A brief review of different architectures of Optical Flow algorithms
Optical flow is the motion between consecutive frames of sequences caused by relative motion between a camera and an object. Optical flow algorithms predict motion by estimating optical flow vectors for every pixel (known as Dense optical flow) or at some significant positions (known as Sparse optical flow). In this article, we will only be talking about Dense optical flow algorithms. A pair of optical flow vectors render information about the horizontal and vertical displacement of a pixel. For two images of sizes (H x W x 3), the size of the optical flow vectors is (H x W x 2). Here, 2 is displacement in horizontal and vertical directions for every pixel (in terms of pixels).
This optical flow estimation has several applications: object tracking, video compression, detecting structure from motion, segmentation, correct for camera jitter (stabilization), panoramic image construction, for an autonomous machine/robot so that it can interact with the environment and also in a surveillance system.
Ways to estimate optical flow
The distinctive approaches to measuring it are:
- Classical energy-based approaches: It is an energy minimization problem. It is computationally expensive, therefore, not real-time implementable.
- Using CNN as a feature extractor combined with classical optimizer: extracting the useful features using CNNs and then considering the optical flow estimation as an energy minimization problem. It yields less blurry results than the 3rd approach but is not end-to-end trainable. Their runtime in the training phase is significantly longer.
- CNN regression architecture: Using CNN for feature extraction and also to estimate the optical flow vectors. These are end-to-end trainable and also real-time implementable. These can compete with the 1st approach in terms of accuracy.
CNN regression architectures
In this section, we will understand different CNN regression architectures, their components/modules, advantages, limitations, and the subsequent improvement in the architecture.
There are two variants of FlowNet: FlowNetSimple (or FlowNetS) and FlowNetCorr. Both of them have Auto-encoder architecture (encoder & decoder — refinement module). Auto-encoder architecture is generally used when the input and output are of similar sizes. The encoder and the decoder use CNNs for feature extraction and estimating the optical flow vectors, respectively. After passing through all the CNN layers, the output resolution is four times smaller than that of the input. Thus, it is bilinearly upsampled in the end.
In FlowNetSimple, the two input images are stacked together and fed into the network, passing through CNN layers (encoder -> decoder). In FlowNetCorr, both the images go separately through the convolutional layers; the obtained feature maps are correlated using a descriptor matching unit or a correlation layer, then it proceeds further.
Advantages: CNNs are good at extracting high-level abstract features. This architecture is the advent for unleashing the potential of machine learning to solve this problem.
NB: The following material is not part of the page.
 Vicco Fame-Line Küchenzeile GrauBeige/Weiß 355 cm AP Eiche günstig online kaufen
Limitations: The accuracy or error rate obtained is not comparable to the classical approaches. This model fails to estimate large displacements of objects.
2. Flownet 2.0
It is a cascade of variants of FlowNet (FlowNetS & FlowNetCorr). In other words, it is a stack of multiple networks where every network refines the previous estimate. The output of the 1st network is used to warp the 2nd image (intuitively, bringing the 2nd image closer to the 1st one). The warped second image, the first image, and the previous flow estimate are used as inputs for the next network in the stack. The sequential top three networks only took care of large displacements. So, they put another network (FlowNetSD) in parallel for accomodating small displacements, which has an elongated decoder part. Noise tends to be a problem with small displacements, so they have added convolutions in the decoder to obtain smoother estimates. The results of both layers are fused via a dense layer to obtain the final output.
Advantages: It accommodates both small and large displacements. The accuracy / error rate obtained using this model is comparable to that of classical approaches.
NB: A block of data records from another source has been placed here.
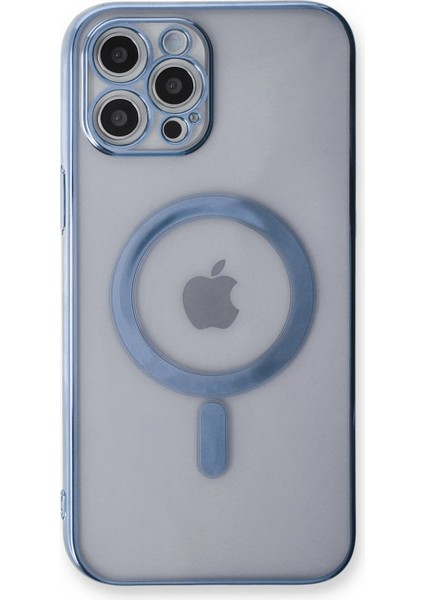 iPhone 12 Pro Kılıf Magneticsafe Lazer Silikon - Sierra Blue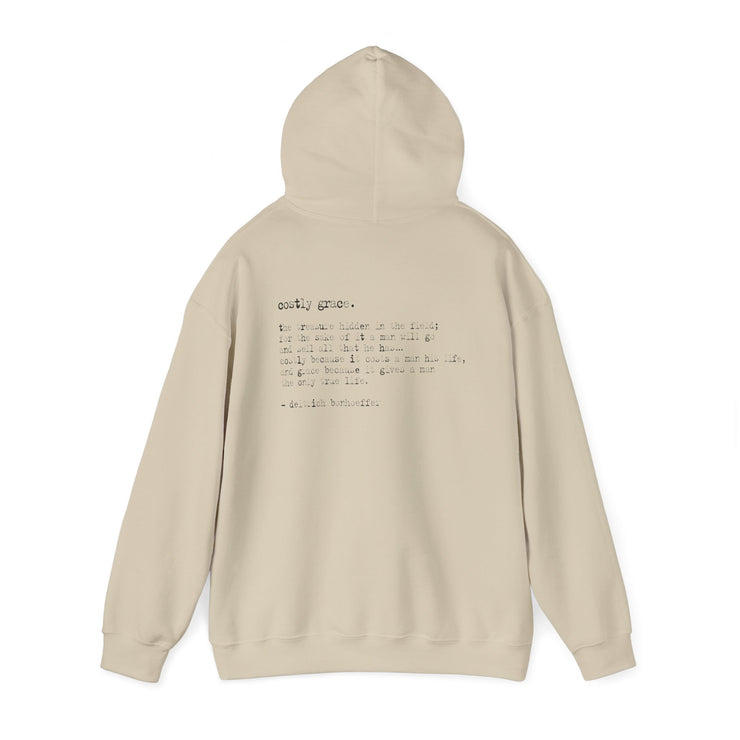 Sand hoodie with Costly Grace design from Deitrich Bonhoeffer quote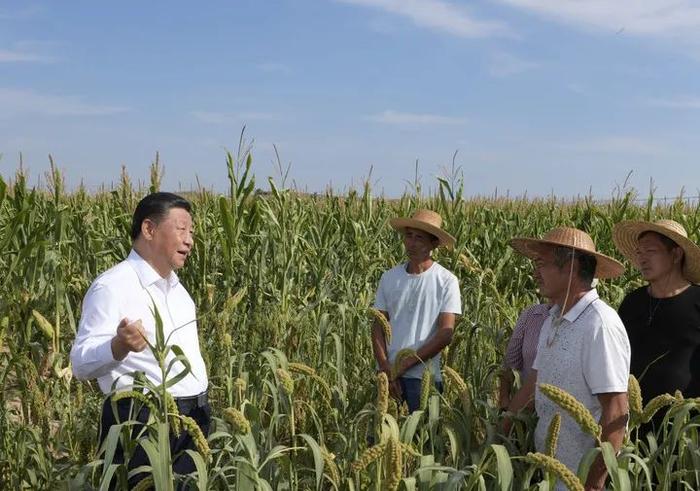 2021年9月13日，习近平总书记在陕西省米脂县银州街道高西沟村考察时，同农民亲切交流。新华社记者 谢环驰 摄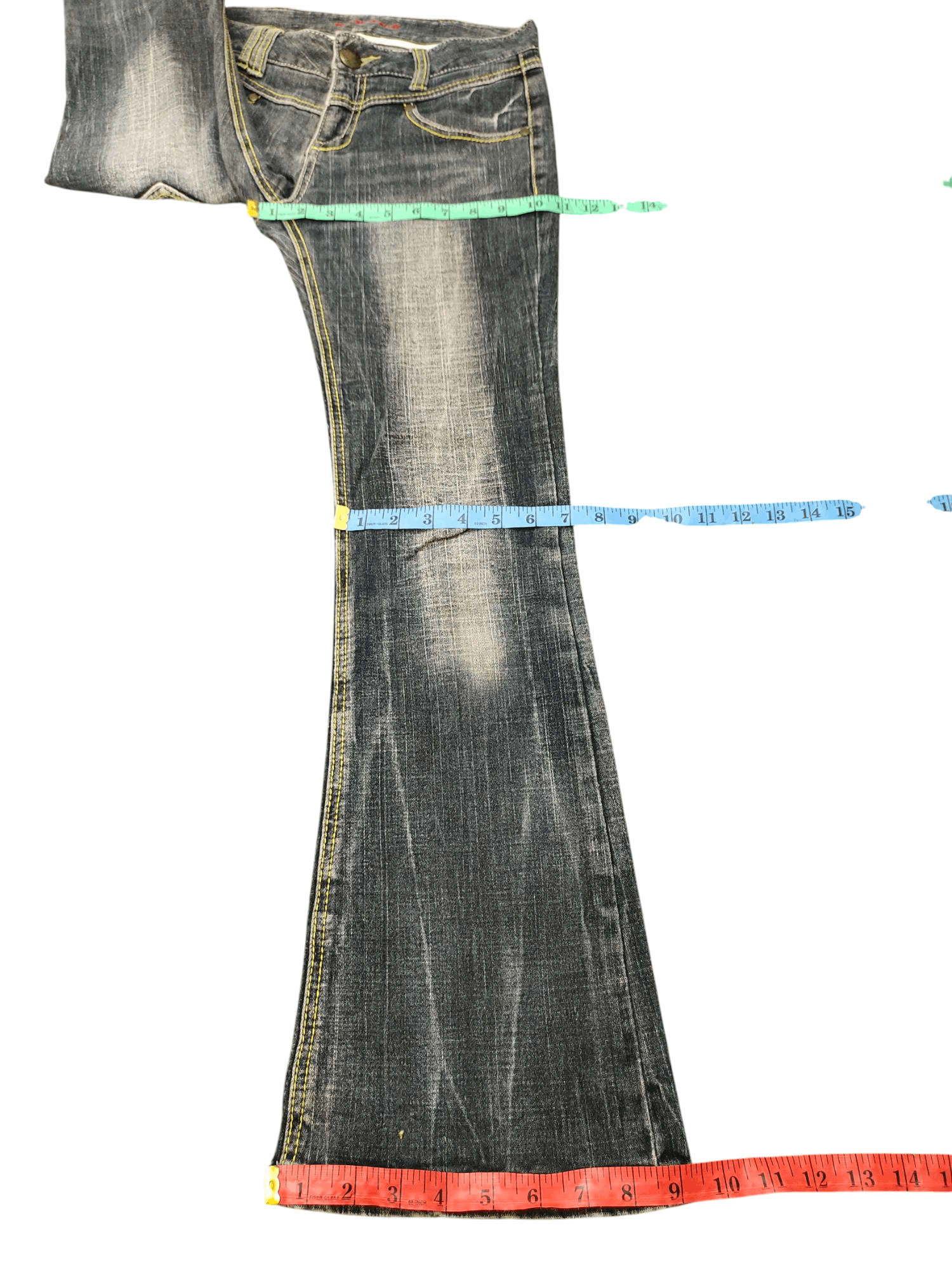 Tornado Mart Flare Jeans Chow Tribal Clawmark Denim Bootcut Low Rise Size US 28 / EU 44 - 16 Thumbnail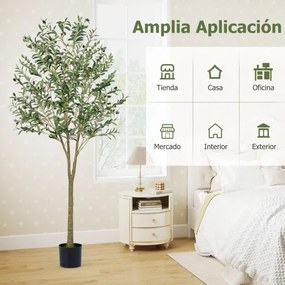 Árvore de Oliveira artificial de 180 cm, plantas de oliveira artificiais com vaso de plástico, 1296 folhas, 72 frutos, Verde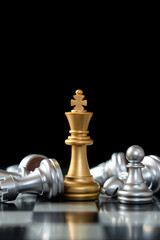 chess board game for ideas and competition and strategy, business success concept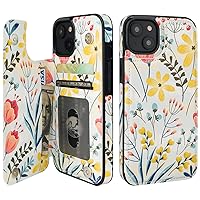 HAOPINSH for iPhone 13 Case Wallet with Card Holder, Floral Flower Pattern Back Flip Folio PU Leather Kickstand Card Slots Case for Women Girls, Double Magnetic Clasp Shockproof Cover 6.1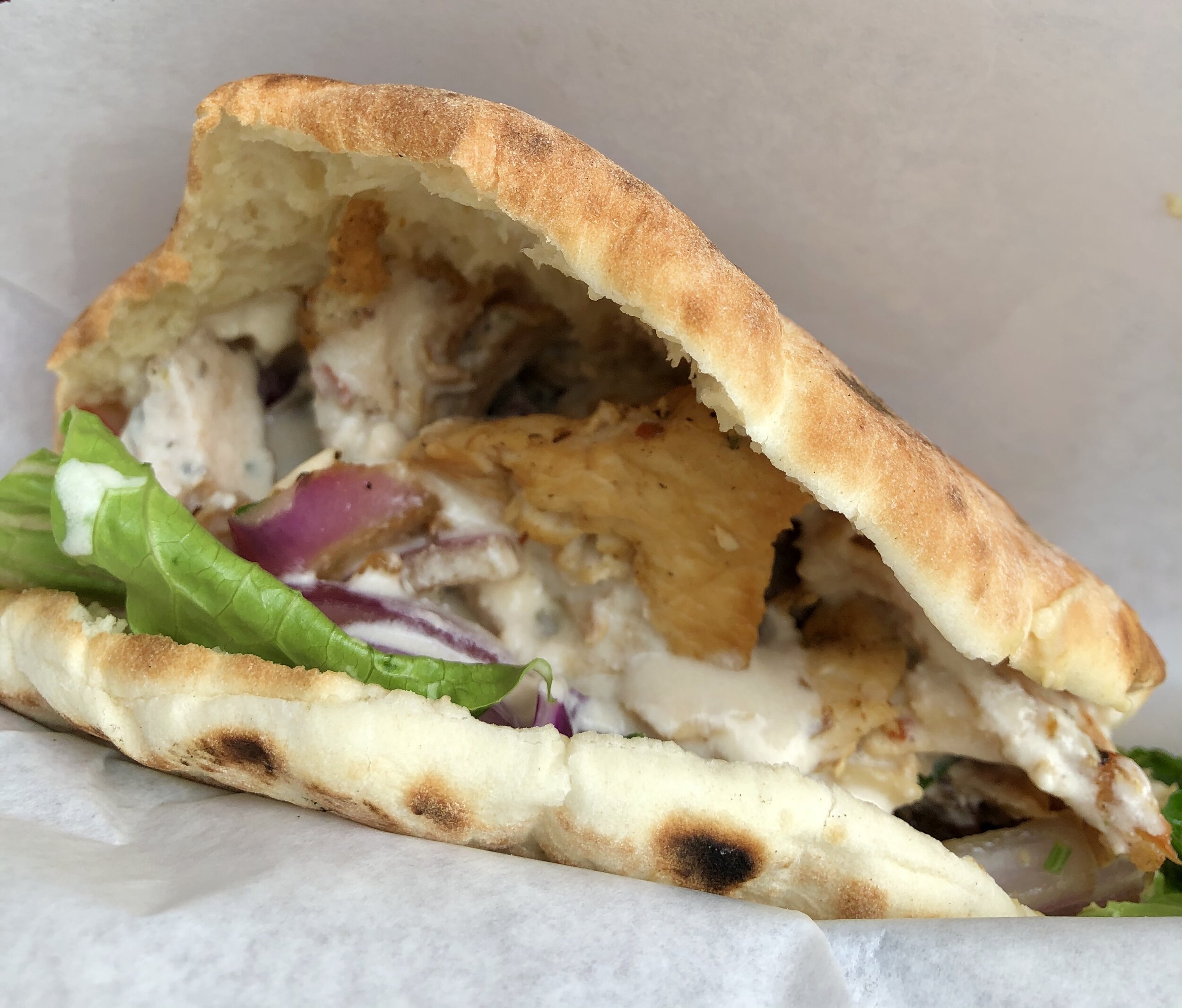 A packed chicken shawarma ($6.00!)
Limitations: It requires a memory footprint of 640M parameters (therefore, not suitable for hardware implementation). It includes dense layers or fully connected layers, making it less hardware-friendly (energy consumption is high). It renders blurry estimates near the motion boundaries.
The model intends to render decent results with lesser memory requirements. It brings the concept of a coarse-to-fine strategy with residual flow calculation. Let’s say the images are downsampled six times; we will have six pyramidal levels (L5, L4, L3, L2, L1, L0). L0 and L5 are the smallest (coarser) and the largest (finer) ones, respectively. We will start with the L0 pyramidal level (coarser). The two images in L0 are fed into a series of convolutional layers (G0). G0 outputs the optical flow estimate, which is added to the previous estimate: zero (for the 1st level). The images in L1 are fed into G1. The output obtained is the residual flow, which is then added to the upsampled previous level’s (L0) estimate. Upsampling of the previous level estimate is required to match it with the resolution of the residual flow of this level. Summarily, the model residually updates the flow across the spatial pyramidal levels used in a coarse-to-fine fashion.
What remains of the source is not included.